Now is the winter of our discontent

Made glorious summer by this sun of York,

And all the clouds that loured upon our house

In the deep bosom of the ocean buried.

Now are our brows bound with victorious wreaths,

Our bruised arms hung up for monuments,

Our stern alarums changed to merry meetings,

Our dreadful marches to delightful measures.

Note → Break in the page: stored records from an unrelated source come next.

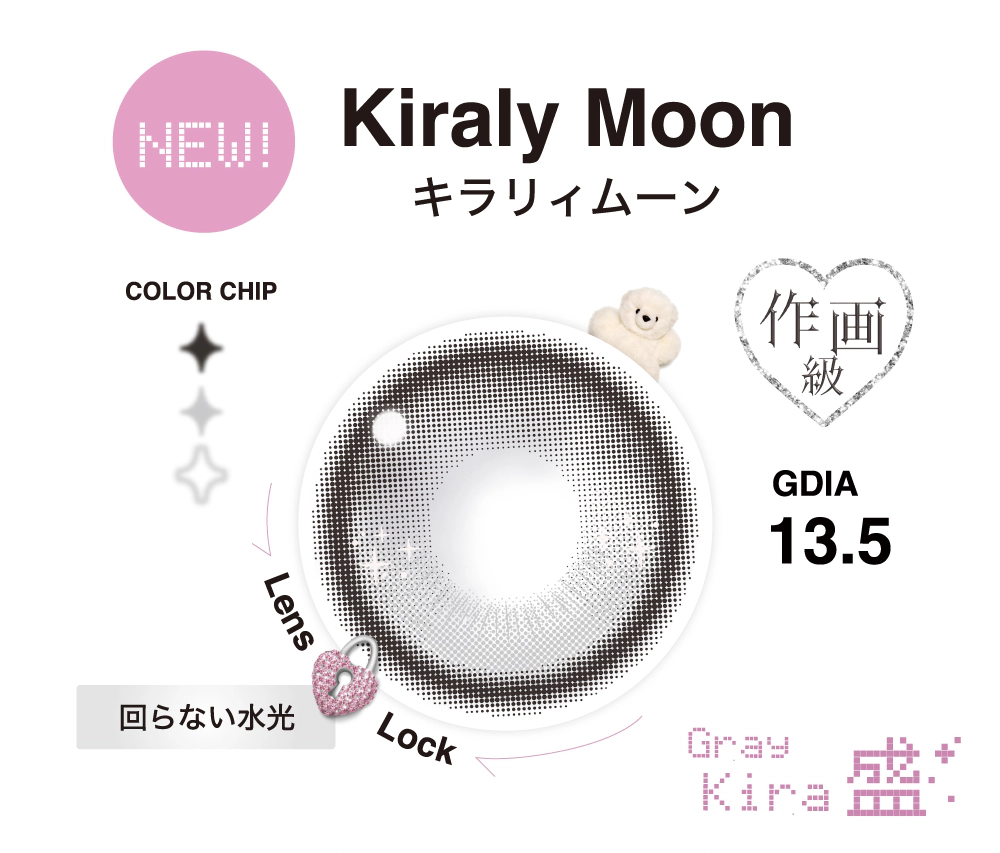 キラリィムーン特徴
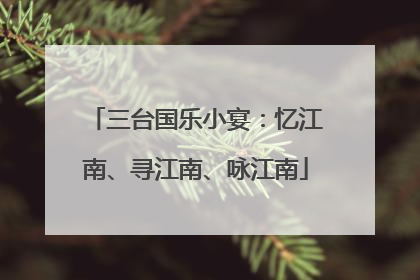 三台国乐小宴：忆江南、寻江南、咏江南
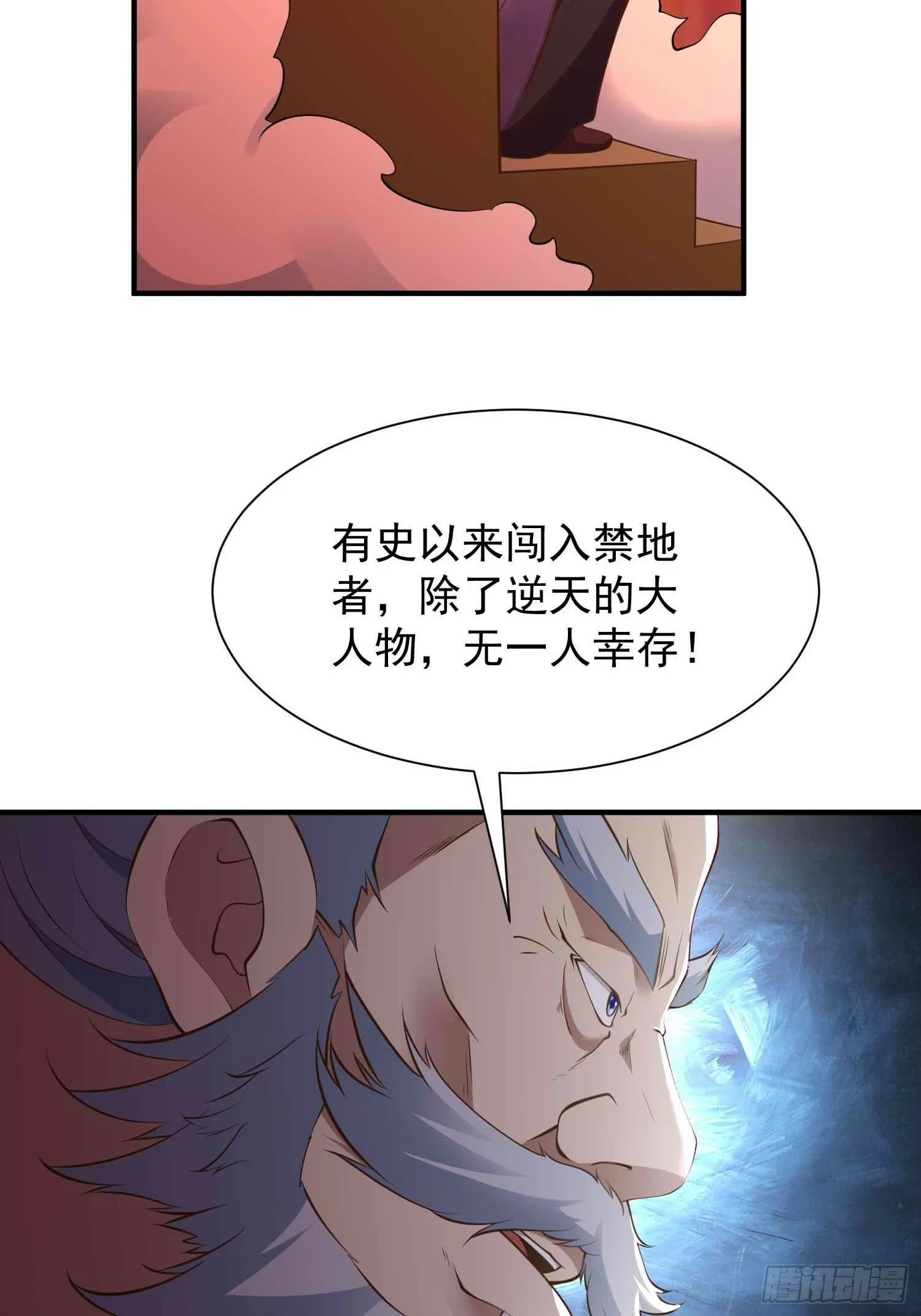 第45话 山雨欲来 第23页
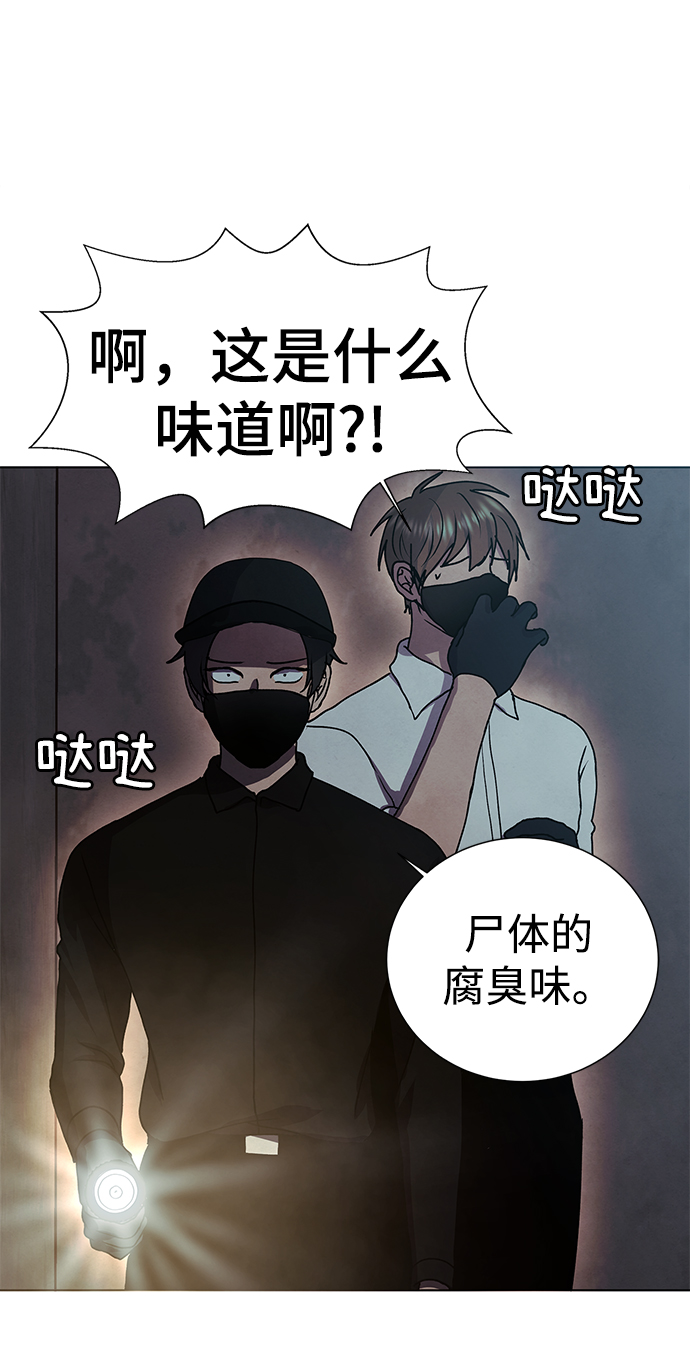第65话58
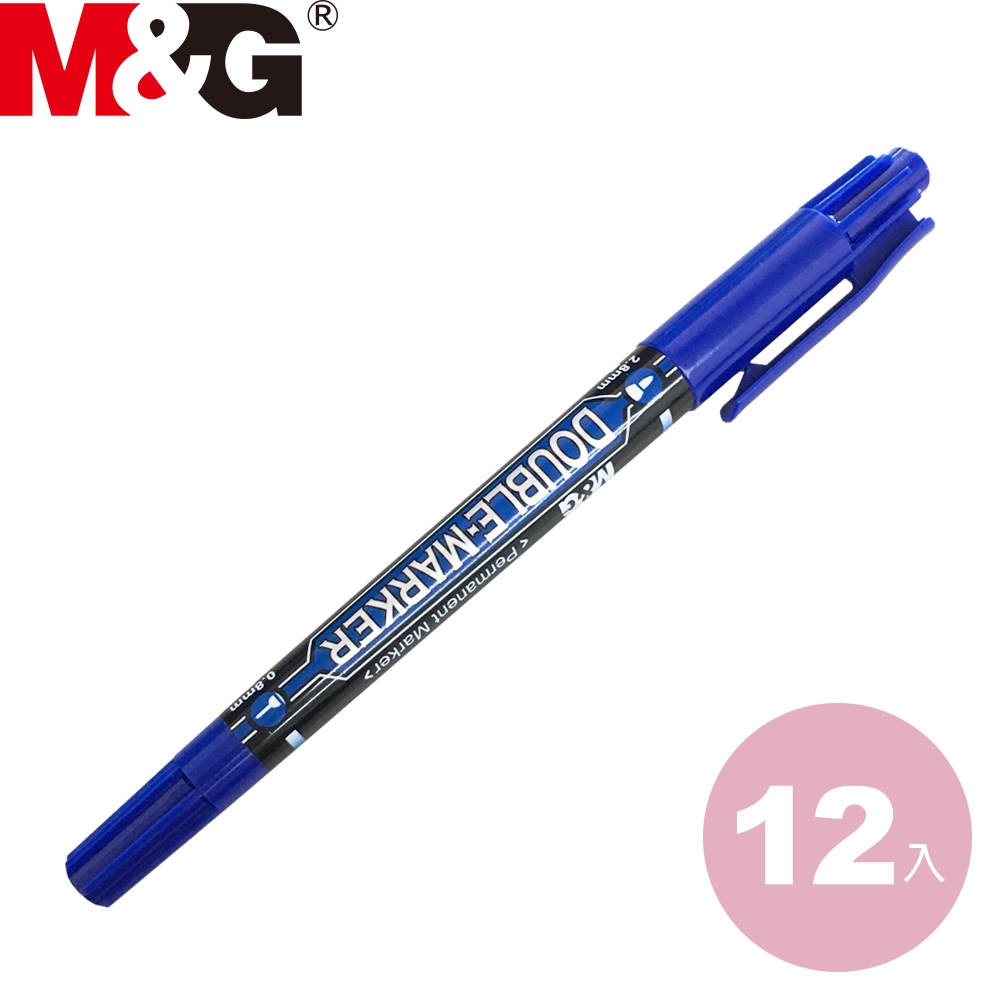 【MG文具】APM21372-MG雙頭記號筆-藍(12入)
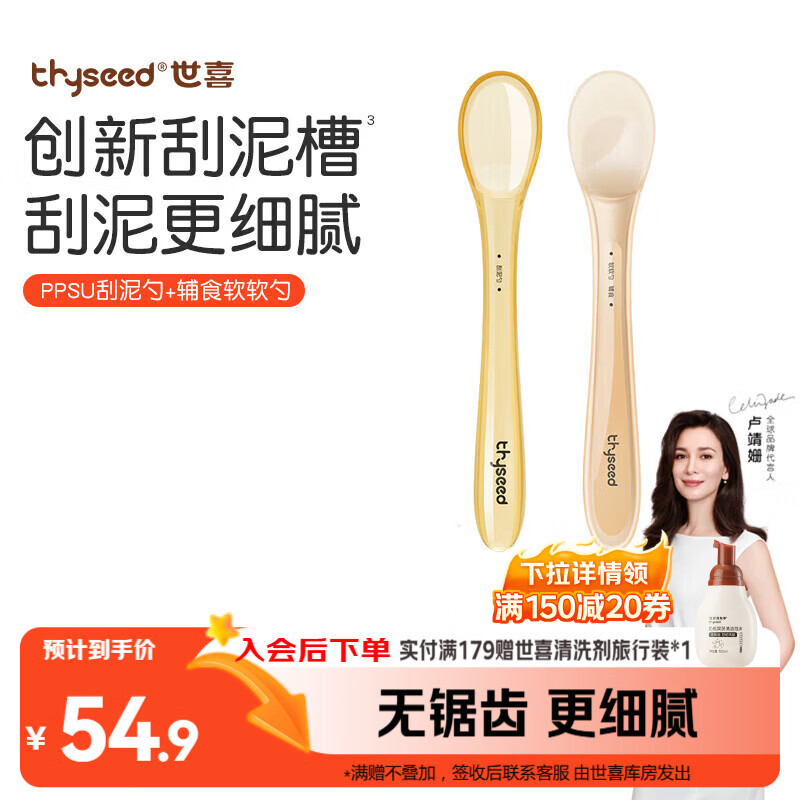 世喜硅胶勺婴儿新生儿果泥米糊勺宝宝喂水奶儿童餐具辅食勺+刮泥勺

Grim-visaged war hath smoothed his wrinkled front;

And now, instead of mounting barbed steeds

To fright the souls of fearful adversaries,

He capers nimbly in a lady's chamber

To the lascivious pleasing of a lute.

But I, that am not shaped for sportive tricks,

Nor made to court an amorous looking-glass;

I, that am rudely stamped, and want love's majesty

To strut before a wanton ambling nymph;

I, that am curtailed of this fair proportion,

Cheated of feature by dissembling nature,

Deformed, unfinished, sent before my time

Into this breathing world, scarce half made up,

And that so lamely and unfashionable

That dogs bark at me as I halt by them,—

Why, I, in this weak piping time of peace,

Have no delight to pass away the time,

Unless to spy my shadow in the sun.

William Shakespeare (1564-1616): King Richard III. Act i. Sc. 1.

Kings may be blest, but Tam was glorious,

O'er a' the ills o' life victorious.

Robert Burns (1759-1796): Tam o' Shanter.

  The law is a sort of hocus-pocus science, that smiles in yer face while it picks yer pocket; and the glorious uncertainty of it is of mair use to the professors than the justice of it.

Charles Macklin (1690-1797): Love à la Mode. Act ii. Sc. 1.

O, now, for ever

Farewell the tranquil mind! farewell content!

Farewell the plumed troop and the big wars

That make ambition virtue! O, farewell!

Farewell the neighing steed and the shrill trump,

The spirit-stirring drum, the ear-piercing fife,

The royal banner, and all quality,

Pride, pomp, and circumstance of glorious war!

And, O you mortal engines, whose rude throats

The immortal Jove's dread clamours counterfeit,

Farewell! Othello's occupation's gone!

William Shakespeare (1564-1616): Othello. Act iii. Sc. 3.

These are thy glorious works, Parent of good!

John Milton (1608-1674): Paradise Lost. Book v. Line 153.